Гораздо точнее был Бунин, оценивший свободу и разнообразие — не обязательно однопланового, сатирически уничтожающего — чеховского смеха. «Если бы он даже ничего не написал, кроме «Скоропостижной конской смерти» или «Романа с контрабасом», то и тогда можно было сказать, что в русской литературе блеснул и исчез удивительный ум, потому что ведь выдумать и уметь сказать хорошую нелепость, хорошую шутку, могут только очень умные люди, у которых ум «по всем жилушкам переливается»» [19].
Чем дальше, тем больше Зощенко «натаскивал» себя на сатиру, сочинял заказные фельетоны и комедии, в том числе на международные темы, хотя так ни разу и не побывал за границей. Но когда он давал свободу своему таланту, хорошая шутка, словесная игра — как у Гоголя, как у Лескова, как у Чехова — побеждали головное задание и приобретали самостоятельную ценность.

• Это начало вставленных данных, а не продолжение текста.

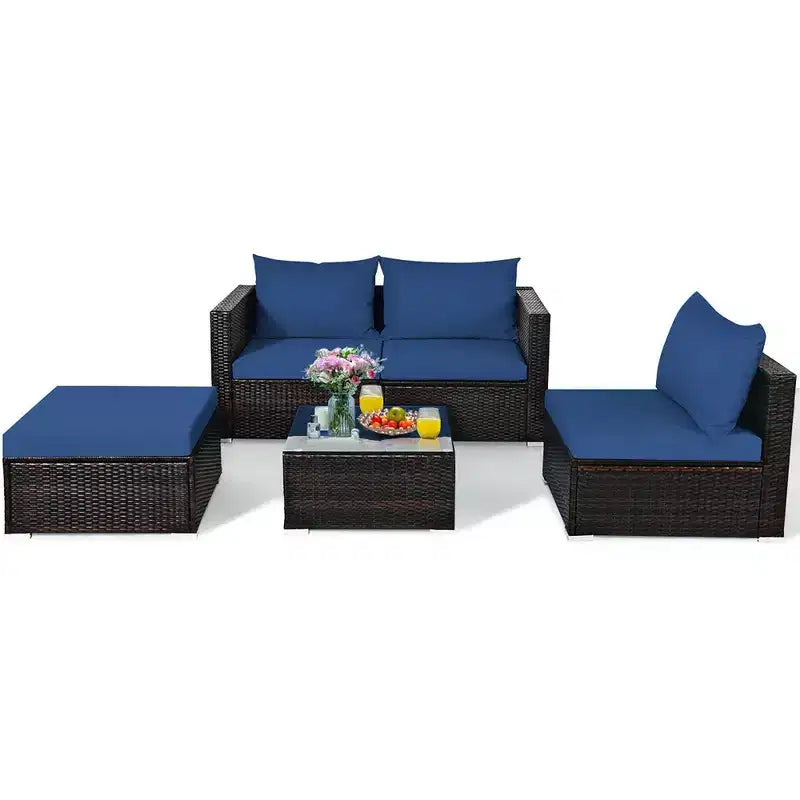 5-teiliges Outdoor-Rattanmöbel-Set, Sofa-Garnitur mit Couchtisch, Rot/Navy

То, что в Чехове увидел Бунин, в раннем Зощенко, вопреки многим другим оценкам, заметил издалека, из заграничной Риги, Петр Пильский (критик даже издавал зощенковские тексты, переделывая их). «Он полон самого искреннего простодушия. Зощенко добр, ласков и мягок… Его наблюдательность жива и энергична. Он пишет не только весело, но и веселясь. Его творчество полно игры, игривости, игристости. Он не только забавляет, но и забавляется сам… По национальному типу юмора, полнокровности веселья, беззаветной шутливости, переливающемуся смеху, в своих чертах простоты и добродушия, Зощенко кажется не великороссом и вместе с Аверченкой и Гоголем несет на себе украинские отсветы» («Простой смех. Зощенко, его учителя, успех и разгадка», 1928) [20].
Простые с виду мелочишки Зощенко, тем не менее, оказываются вещами эмоционально подвижными.

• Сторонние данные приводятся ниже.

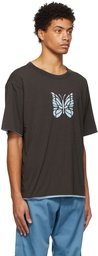 Needles Reversible Brown & Blue Logo T-Shirt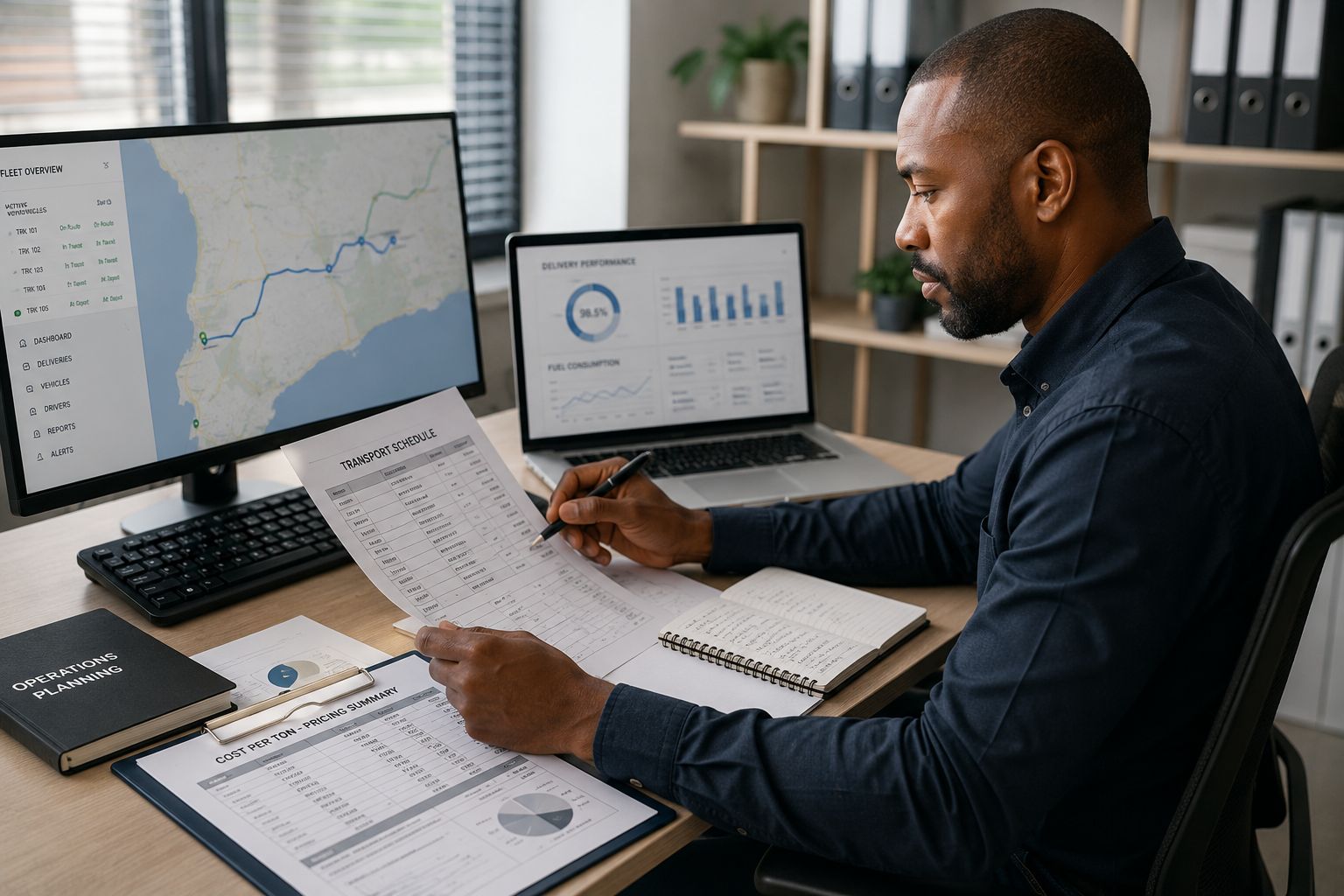Logistics coordinator reviewing transport schedules, route planning, and operational data through fleet management systems, supporting transparent pricing and efficient logistics operations.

В рассказе «Тяжелые времена» (1925) некий Иван Егорыч заходит в магазин вместе с Маруськой, которая при ближайшем рассмотрении оказывается лошадью. Начинается колоритный сценочный диалог.
«Покупатели радостно удивились. Кто-то с восторгом махнул рукой и сказал.
— Ну-у, лошадь, братцы, в лавку пришедши. Ах, дуй их горой!
Маруська остановилась у прилавка и ткнулась мордой в конторку, рассчитывая на овес.
Заведывающий испуганно отстранился и обидчиво сказал Иван Егоровичу:
Да ты что ж это, бродяга? Ты что ж это с лошадью пришедши?
Да мне хомут надо-то, — сказал Иван Егорыч. — Примерить чтоб… А лошадь ты не беспокойся. Она тихая. Не пужается посторонних предметов.
Заведывающий отмахнулся от лошадиной морды счетами и с удивлением сказал, обращаясь к покупателям:
Да что ж это, братцы? Лошадь у меня в магазине… Да что ж это такое будет? Она и нагадить может на полу… И покупателя раздавить…
Нету, — сказал Иван Егорыч, — она дюже смирная. Гляди, стоит, в конторке роется… Не махай на ее счетами-то. Не имеешь права махать на животную».
Все-таки изгнанный из магазина под угрозой вызова милиции лошадиный владелец подает последнюю реплику под занавес:
«— Ну и времечко. Лошадь в лавку не допущают… А давеча мы с ей в пивной сидели — хоть бы хны. Слова никто не сказал. Заведывающий даже лично смеялся искренно. А этот нашелся гусь… Ну времечко.
— М-да, — сказал кто-то из толпы сочувственно, — тяжелые времена».
В соответствии с заявленной точкой зрения на Зощенко как летописца советского обывательского быта, «больше сатирика, а не юмориста», Ходасевич и в этом сюжете увидал обличительный смысл. «Один не иначе ходит за покупками,как водя за собой лошадь. Другой, когда на него нападают грабители, — советует лучше заняться той барышней, которую он провожает с вечеринки «из-за любви»… Третий попрекает своего гостя, разбившего стакан на поминках…»
Однако, в отличие от упомянутых Ходасевичем «Любви» и «Стакана», смех в «Тяжелых временах» совершенно не преследует сатирических целей. Здесь торжествует стихия чистого юмора, той самой хорошей нелепости, шутки, о которой говорил Бунин.